First date, unofficially, yes, 3 days after my sixteenth birthday I had the pleasure of going on one. I now have the pleasure of 'Meeting the Parents'. Scary proposition right? As I freaked myself out over THE family dinner date, I got to thinking about all the times I was in trouble.
Were my parents grooming me for this very event in my life? Allow me to set the stage...interrogation chair...heat lamp...angry birds...I mean angry stink eyes from Mom and Dad. Oh, and the CHANCLA on stand by. For those of you that have never heard of the CHANCLA, it is not a myth. A CHANCLA is a sandal that is passed generation to generation. It has homing device capabilities and can take corners as the offending child is attempting to escape discipline.
Okay...returning to the topic of grooming the child for 'Meeting the Parents'. The Interrogation chair...you know the chair with the heat lamp attached while your parents ask all the questions who, what, why, where, when, oh...and what the...as you feel your face melting away from the death rays emitting from the dreaded stink eyes. You learn early on...the TRUTH will always set you free...even though a spanking or grounding soon follows after you've set yourself free.
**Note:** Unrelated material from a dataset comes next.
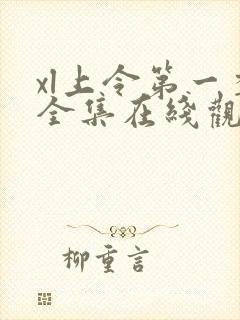 xl上令第一季全集在线观看完整版免费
Now, when I think of the interrogation chair or the CHANCLA I'm certain I'm ready for this date. I have such an appreciation for those grooming moments. Fire those questions away prospective boyfriend's parents! I've been groomed for this moment in an indirect way and I have my parents to thank. Not sure they would agree...but whatever gets me through the moments of being a teenager...I'll take it!
Wishing you a Saturday free of heat lamps, interrogation chairs, stink eyes, and the dreaded CHANCLA! Oh, and P.S. I had an awesome time with his family. I'm not sure why I freaked myself out. I'm one lucky girl!